Soldiers tested the Milrem vehicle for three days, using it mainly for transporting equipment and materials; something that is typically done manually or with bigger vehicles.
“Previously developed unmanned vehicles only performed specific tasks,” stated Kuldar Väärsi, CEO of Milrem. “However, this ground vehicle, THeMIS, can be customized to carry out different operations, leveraging its unique modular design and robust components,” he added.
The operational reliability of THeMIS was put to the test where the Battalion is stationed with tasks typically performed by hand or using bigger vehicles.
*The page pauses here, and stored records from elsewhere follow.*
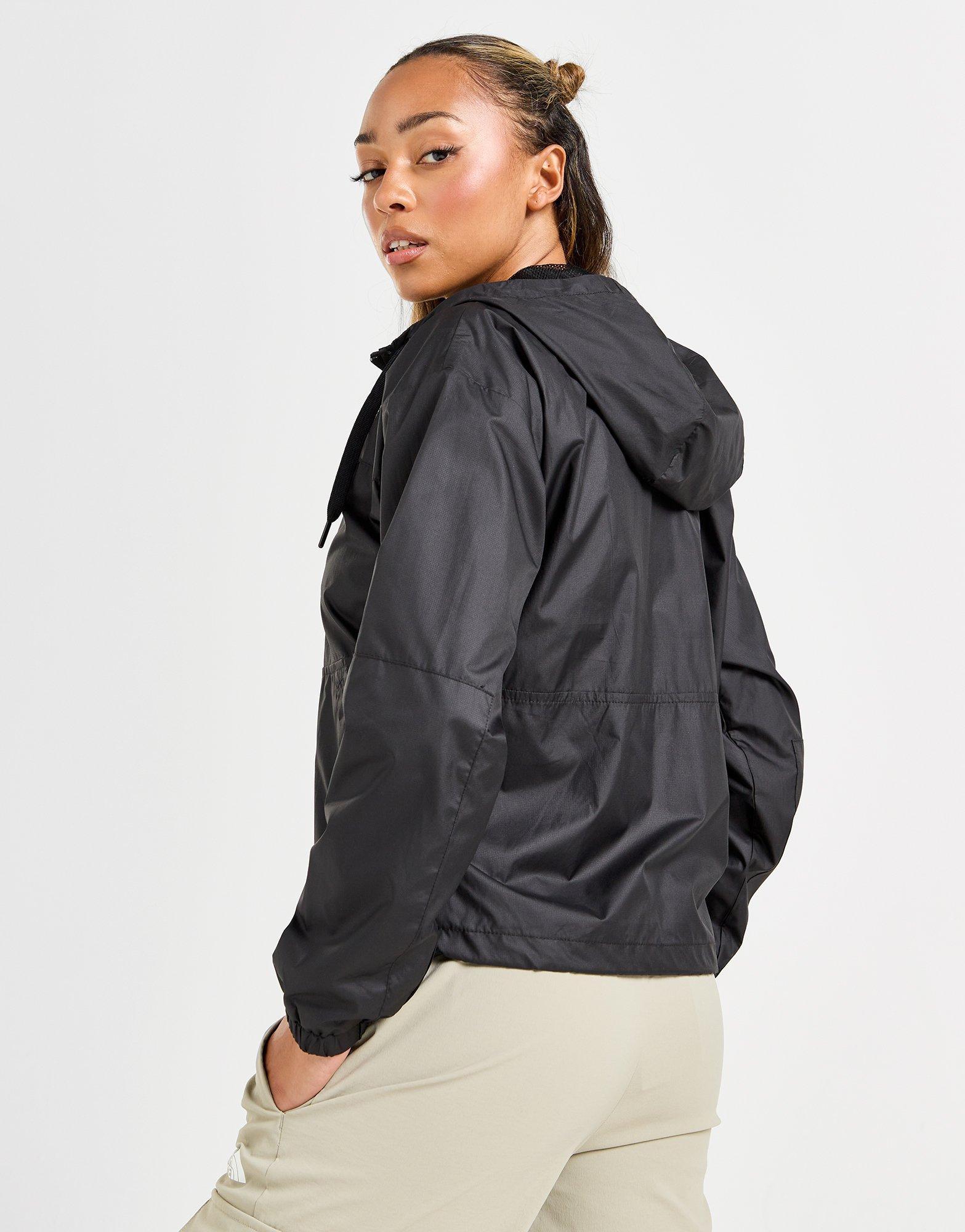 Black The North Face Sheru Jacket JD Sports UK
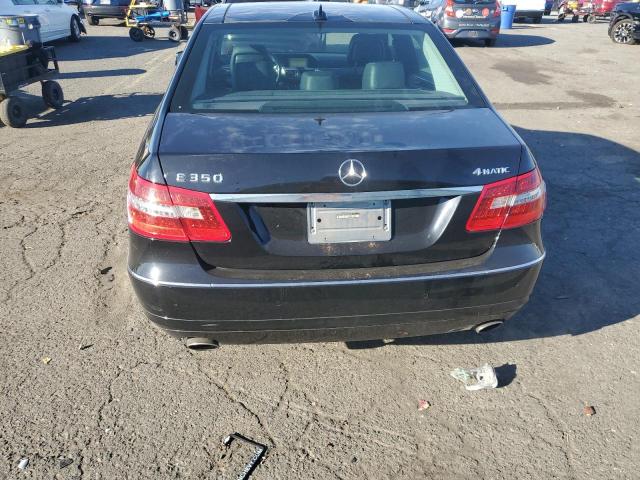 Mercedes-Benz E-Class 350 4matic Image 12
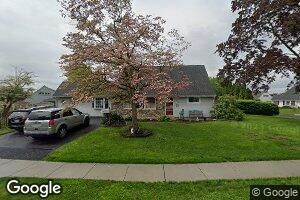 55 Cotton Rd, Levittown, PA 19057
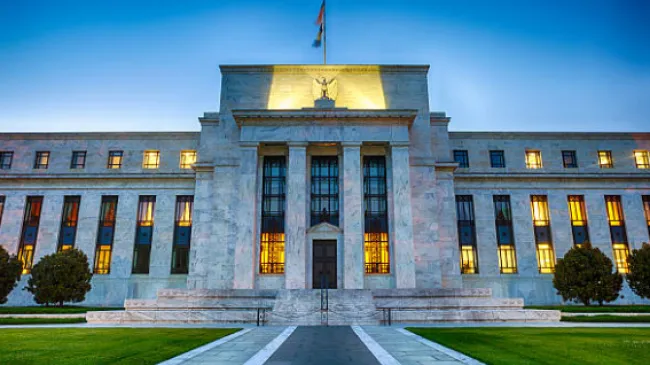 Federal Reserve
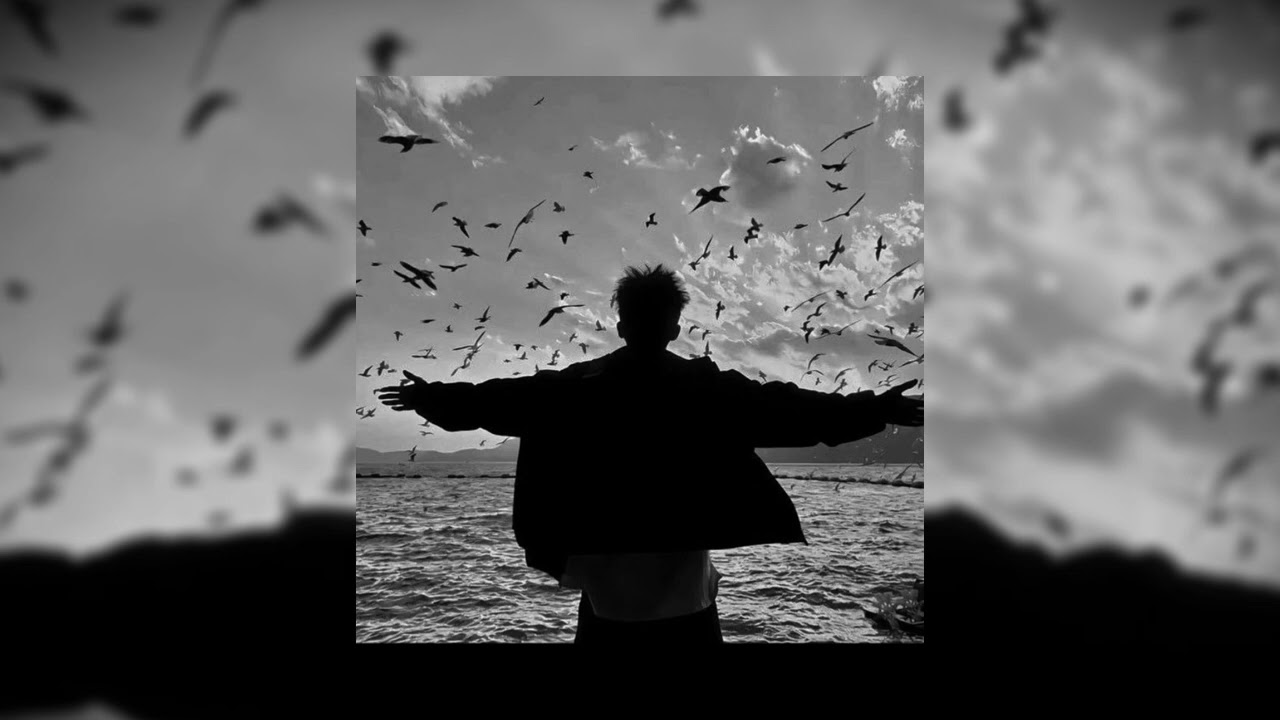 My Heart Is Tired 💔 | Emotional Arabic Sad Love Song | Heartbreak Music 2026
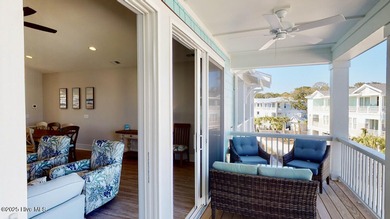 Turnkey investment opportunity or coastal retreat in The Cove at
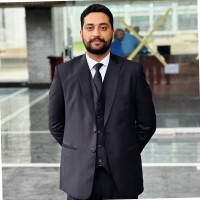 Syed Fahad Ghazi Hamdani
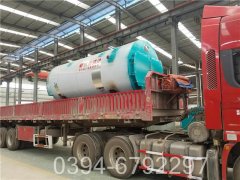 700kw低压热水开云(中国)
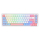 Klawiatura REDRAGON Nova Pro K709WBP-RGB-PRO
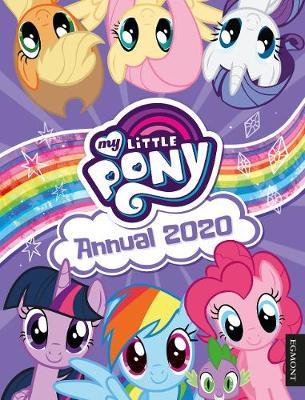 My Little Pony Annual 2020 -  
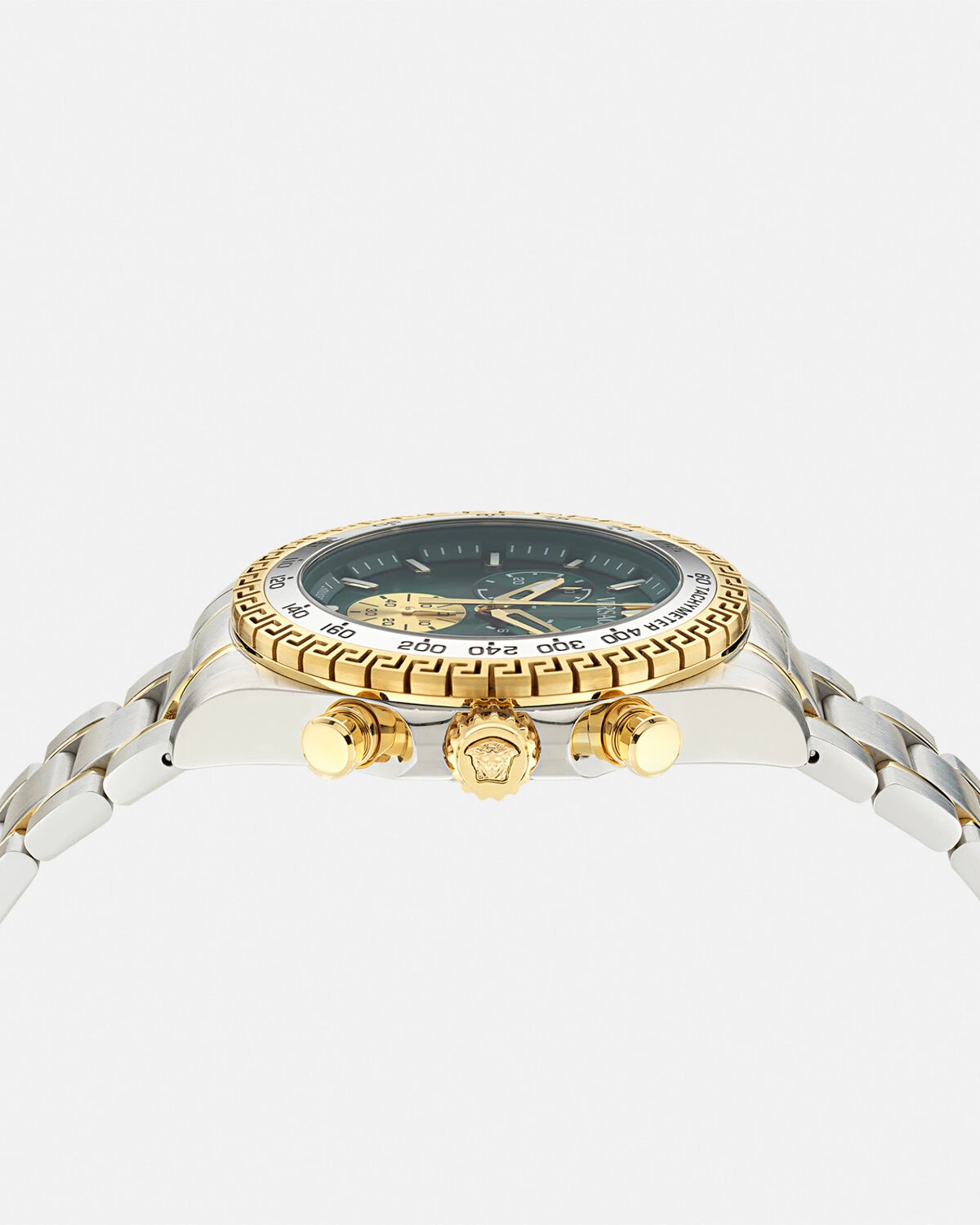 Versace Chrono X Watch - 3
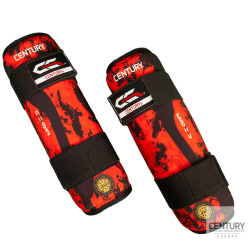 Chránič holení Century C-GEAR schváleno pro WAKO - červené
Supplies such as equipment, water, firewood, fuel or ammunition, previously needing to be transported manually, may now be distributed using this highly rigorous, remote-controlled, unmanned system that can travel through tough terrain, be highly adaptable, and thus, ease the burden of soldiers in the field.
“Ultimately, our goal is to leverage the technologies we have access to today to make a soldier’s life easier by carrying ammunition, firewood, fuel, water and other supplies,” notes Corporal Stern Ilves, a conscript on the Logistics Battalion, describing how the THeMIS can increase the manoeuvre capability.
With the sector for unmanned ground vehicles slated to grow exponentially, Milrem cites the US Army initiative Squad Maneuver Equipment Transport (SMET) which partners the Army with industry to develop requirements and capabilities for enabling robots to haul a squad of soldier gear for a 72-hour patrol.